Eşine çıraklık yapan 27 yaşındaki Pınar Türkmen ise çaresizce yardım elinin uzanmasını bekliyor. Duvardan duvara battaniye sererek çocuklarını soğuktan korumaya çalışan aile yüksekliği iki metreyi bile bulmayan evde yaşam mücadelesi veriyor. Eğilerek yaşadıkları evin elektrik hattı dahi bulunmazken, alt kat komşuları seyyar hat çekerek aileye yardımcı olmaya çalışıyor.
“HİÇBİR DESTEĞİMİZ YOK”
MASA YERİNE KANEPEDE ÖDEV YAPIYORLAR
“Her taraftan evin içerisine rüzgar giriyor. Duvarlarımız açık. Artık kapatamıyoruz. Sabah kalktığımız zaman evi ısıtmam iki saati buluyor. Ev ısınamıyor. Çok soğuk oluyor her yerden esiyor. Çocuklar üşüyor. Her sabah şikayet ediyorlar. Elimizden artık başka bir çare gelmiyor. Tıkandık. Sobanın evde çok riski var. Allah’a emanet yaşıyoruz. Sobayı mecbur yakıyoruz. Bacadan duman tütüyor ancak engel olamıyoruz. Duman geri geliyor. Yapabilecek bir şeyim yok. Sobayı yakmasam çocuklar üşüyor. Çocuklarımın odasında duvardan duvara battaniye gerdik. Önce bir kat yaptık soğuğu kesmedi. İkinci katı yaptık yine hala esiyor. Fırtına koptuğu zaman bu duvarla çocukların odasındaki duvar tamamen rüzgardan kalkıyor. Çocuklar sürekli hasta oluyor. Korkudan yıkayamıyorum. Gece ev çok soğuk oluyor.”

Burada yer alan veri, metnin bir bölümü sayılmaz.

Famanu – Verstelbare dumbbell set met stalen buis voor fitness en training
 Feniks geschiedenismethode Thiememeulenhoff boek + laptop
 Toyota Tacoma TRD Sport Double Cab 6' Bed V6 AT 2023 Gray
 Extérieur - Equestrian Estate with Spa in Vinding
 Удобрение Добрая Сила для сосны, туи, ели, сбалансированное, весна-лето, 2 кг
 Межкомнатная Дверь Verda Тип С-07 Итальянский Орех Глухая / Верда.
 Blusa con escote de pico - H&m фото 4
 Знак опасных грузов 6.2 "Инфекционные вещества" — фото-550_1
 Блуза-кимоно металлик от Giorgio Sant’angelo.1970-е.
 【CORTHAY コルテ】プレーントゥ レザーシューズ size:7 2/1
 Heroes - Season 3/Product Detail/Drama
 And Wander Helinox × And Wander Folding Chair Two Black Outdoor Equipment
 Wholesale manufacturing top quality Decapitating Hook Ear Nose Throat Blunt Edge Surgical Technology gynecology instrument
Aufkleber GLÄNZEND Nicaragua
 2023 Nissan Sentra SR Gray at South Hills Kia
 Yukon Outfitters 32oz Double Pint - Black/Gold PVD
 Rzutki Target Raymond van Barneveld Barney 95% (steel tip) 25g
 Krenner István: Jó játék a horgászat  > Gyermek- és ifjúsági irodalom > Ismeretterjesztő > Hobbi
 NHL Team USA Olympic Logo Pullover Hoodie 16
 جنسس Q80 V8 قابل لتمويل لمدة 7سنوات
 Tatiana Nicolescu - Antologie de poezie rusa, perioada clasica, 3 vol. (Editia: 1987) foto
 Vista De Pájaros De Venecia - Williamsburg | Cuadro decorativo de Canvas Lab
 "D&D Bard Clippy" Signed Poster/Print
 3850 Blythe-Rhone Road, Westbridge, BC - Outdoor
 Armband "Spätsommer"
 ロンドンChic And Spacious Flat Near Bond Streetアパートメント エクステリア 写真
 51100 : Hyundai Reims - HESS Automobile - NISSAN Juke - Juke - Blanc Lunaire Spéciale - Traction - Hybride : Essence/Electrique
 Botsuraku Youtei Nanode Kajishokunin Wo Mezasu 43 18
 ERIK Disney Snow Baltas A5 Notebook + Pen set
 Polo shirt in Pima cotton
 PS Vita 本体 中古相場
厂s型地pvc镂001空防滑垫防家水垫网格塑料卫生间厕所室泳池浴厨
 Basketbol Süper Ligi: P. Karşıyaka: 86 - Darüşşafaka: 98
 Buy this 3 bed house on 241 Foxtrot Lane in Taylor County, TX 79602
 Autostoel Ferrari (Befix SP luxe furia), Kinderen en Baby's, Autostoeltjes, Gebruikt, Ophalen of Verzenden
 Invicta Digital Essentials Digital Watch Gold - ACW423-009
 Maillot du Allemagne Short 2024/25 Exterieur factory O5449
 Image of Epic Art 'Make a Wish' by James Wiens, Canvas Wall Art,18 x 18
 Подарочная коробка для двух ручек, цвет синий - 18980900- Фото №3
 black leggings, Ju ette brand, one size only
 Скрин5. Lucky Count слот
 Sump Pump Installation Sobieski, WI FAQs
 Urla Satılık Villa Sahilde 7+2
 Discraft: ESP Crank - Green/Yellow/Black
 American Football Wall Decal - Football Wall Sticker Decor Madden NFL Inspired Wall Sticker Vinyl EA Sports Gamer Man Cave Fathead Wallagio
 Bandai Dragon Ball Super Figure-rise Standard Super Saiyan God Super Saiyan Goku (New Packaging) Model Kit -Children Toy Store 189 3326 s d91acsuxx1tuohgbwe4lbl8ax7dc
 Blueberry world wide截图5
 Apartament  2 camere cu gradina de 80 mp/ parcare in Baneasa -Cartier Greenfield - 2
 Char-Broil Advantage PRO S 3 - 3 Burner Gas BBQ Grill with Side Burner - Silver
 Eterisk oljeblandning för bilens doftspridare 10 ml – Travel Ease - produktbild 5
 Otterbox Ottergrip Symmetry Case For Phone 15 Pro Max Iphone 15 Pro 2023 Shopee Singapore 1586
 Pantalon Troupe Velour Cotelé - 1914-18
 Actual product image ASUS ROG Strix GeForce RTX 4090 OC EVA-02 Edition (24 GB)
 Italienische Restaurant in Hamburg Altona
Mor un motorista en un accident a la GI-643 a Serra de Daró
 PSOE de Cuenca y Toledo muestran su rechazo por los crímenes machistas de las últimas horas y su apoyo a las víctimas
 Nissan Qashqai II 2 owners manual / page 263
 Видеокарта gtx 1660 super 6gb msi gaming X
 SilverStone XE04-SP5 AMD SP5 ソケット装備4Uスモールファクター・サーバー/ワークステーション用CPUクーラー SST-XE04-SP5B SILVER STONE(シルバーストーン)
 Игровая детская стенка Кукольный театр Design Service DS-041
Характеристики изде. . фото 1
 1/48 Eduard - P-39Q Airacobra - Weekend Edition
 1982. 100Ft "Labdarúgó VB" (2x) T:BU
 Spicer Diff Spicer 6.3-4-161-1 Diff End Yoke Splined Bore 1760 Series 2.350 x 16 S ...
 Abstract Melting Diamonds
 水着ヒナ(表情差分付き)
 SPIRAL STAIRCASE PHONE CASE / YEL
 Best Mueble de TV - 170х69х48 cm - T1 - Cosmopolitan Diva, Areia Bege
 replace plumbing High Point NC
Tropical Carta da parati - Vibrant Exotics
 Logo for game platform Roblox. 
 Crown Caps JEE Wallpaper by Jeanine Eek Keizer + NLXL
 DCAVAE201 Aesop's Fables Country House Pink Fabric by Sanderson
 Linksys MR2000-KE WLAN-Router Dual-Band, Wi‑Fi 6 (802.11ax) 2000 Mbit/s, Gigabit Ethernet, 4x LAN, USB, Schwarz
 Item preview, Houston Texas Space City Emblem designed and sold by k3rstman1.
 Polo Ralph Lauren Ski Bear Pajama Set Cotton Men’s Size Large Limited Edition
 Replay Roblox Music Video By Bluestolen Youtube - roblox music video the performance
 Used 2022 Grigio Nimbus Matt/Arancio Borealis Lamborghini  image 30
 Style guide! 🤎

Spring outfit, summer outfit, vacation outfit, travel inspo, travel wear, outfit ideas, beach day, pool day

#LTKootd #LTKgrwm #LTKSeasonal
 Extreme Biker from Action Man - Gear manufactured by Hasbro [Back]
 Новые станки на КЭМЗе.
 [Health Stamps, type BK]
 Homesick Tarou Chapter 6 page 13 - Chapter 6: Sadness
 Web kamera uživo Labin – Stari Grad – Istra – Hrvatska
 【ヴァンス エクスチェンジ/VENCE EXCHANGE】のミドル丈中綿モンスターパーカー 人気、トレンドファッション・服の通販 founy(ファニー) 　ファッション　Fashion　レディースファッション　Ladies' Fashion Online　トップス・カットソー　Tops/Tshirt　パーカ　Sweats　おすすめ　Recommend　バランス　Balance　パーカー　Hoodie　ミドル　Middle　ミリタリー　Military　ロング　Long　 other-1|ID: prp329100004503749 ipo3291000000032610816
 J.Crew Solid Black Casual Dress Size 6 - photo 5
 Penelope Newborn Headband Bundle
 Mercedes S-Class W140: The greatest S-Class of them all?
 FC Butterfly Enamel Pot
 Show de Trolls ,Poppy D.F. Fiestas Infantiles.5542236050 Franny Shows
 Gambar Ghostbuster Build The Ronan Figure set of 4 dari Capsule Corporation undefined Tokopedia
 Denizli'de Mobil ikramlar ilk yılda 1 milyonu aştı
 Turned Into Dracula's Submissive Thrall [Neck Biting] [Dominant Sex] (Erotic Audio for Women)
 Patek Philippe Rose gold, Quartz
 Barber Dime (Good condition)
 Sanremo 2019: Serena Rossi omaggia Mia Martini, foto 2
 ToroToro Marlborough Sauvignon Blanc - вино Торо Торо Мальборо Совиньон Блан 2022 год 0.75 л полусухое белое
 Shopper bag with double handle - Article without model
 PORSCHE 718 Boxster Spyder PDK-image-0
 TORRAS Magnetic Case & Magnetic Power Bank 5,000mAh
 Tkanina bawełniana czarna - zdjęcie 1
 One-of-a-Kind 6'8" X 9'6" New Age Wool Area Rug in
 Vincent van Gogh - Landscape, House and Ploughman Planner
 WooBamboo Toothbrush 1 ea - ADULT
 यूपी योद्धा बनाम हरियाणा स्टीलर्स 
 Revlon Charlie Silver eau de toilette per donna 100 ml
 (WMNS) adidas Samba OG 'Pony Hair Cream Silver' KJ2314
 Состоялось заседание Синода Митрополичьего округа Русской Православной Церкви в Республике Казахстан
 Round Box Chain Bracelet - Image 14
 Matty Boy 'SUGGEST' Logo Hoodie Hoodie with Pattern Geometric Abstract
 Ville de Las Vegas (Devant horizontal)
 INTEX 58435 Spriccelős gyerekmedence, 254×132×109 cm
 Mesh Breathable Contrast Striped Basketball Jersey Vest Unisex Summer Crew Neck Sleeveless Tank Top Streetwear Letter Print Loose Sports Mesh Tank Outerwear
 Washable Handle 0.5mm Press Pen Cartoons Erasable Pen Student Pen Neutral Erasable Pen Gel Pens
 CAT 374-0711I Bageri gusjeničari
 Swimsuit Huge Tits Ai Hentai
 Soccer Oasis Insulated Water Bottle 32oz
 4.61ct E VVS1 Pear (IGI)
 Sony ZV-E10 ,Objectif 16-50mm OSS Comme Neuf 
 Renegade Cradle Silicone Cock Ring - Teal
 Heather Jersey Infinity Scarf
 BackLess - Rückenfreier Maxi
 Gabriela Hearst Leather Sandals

Çocuklarının odaya yalnızca uyumaya gittiğini söyleyen anne Pınar Türkmen, çocuklarının üzerini de üç kat battaniye örterek ısıtmaya çalışıyor. Çaresizlik içerisinde bekleyen anne Pınar Türkmen, hayırseverlere şöyle seslendi:
"Bu şekilde yaşamaya çalışıyoruz. Evimin çocuklarımın yaşayabileceği ve çocuklarımın üşümeyeceği şekilde düzelmesini istiyorum. Elektrik hattı yok. Alt kattan seyyar hat çektik onunla idare ediyoruz. Sadece lamba ve televizyon çalıştırabiliyorum. Çamaşırı da başkasının evinde yıkamaya utanıyorum mecbur artık elimde yıkıyorum. Bu şartlar altında yaşamaya çalışıyorum. Çocuklarım bu durumdan çok şikayetçiler. Odalarında ders yapamıyorlar. Sürekli salondalar. Çünkü odada yaşanılır bir vaziyet yok sadece yatmak için giriyorlar. Burada yaşamak zorundayız başka çıkar yanımız yok. Eşim inşaatlarda çalışıyor. İş olduğu zaman çağırıyorlar. Elinden geldiği kadar çabalıyor. O da çok üzgün. Başarmaya çalışıyor ama bu kadar oluyor."
Evlerine gidecek yol dahi olmayınca ahşap köprü yaparak evlerine ulaşan aile hayırseverlerin yardımını bekliyor.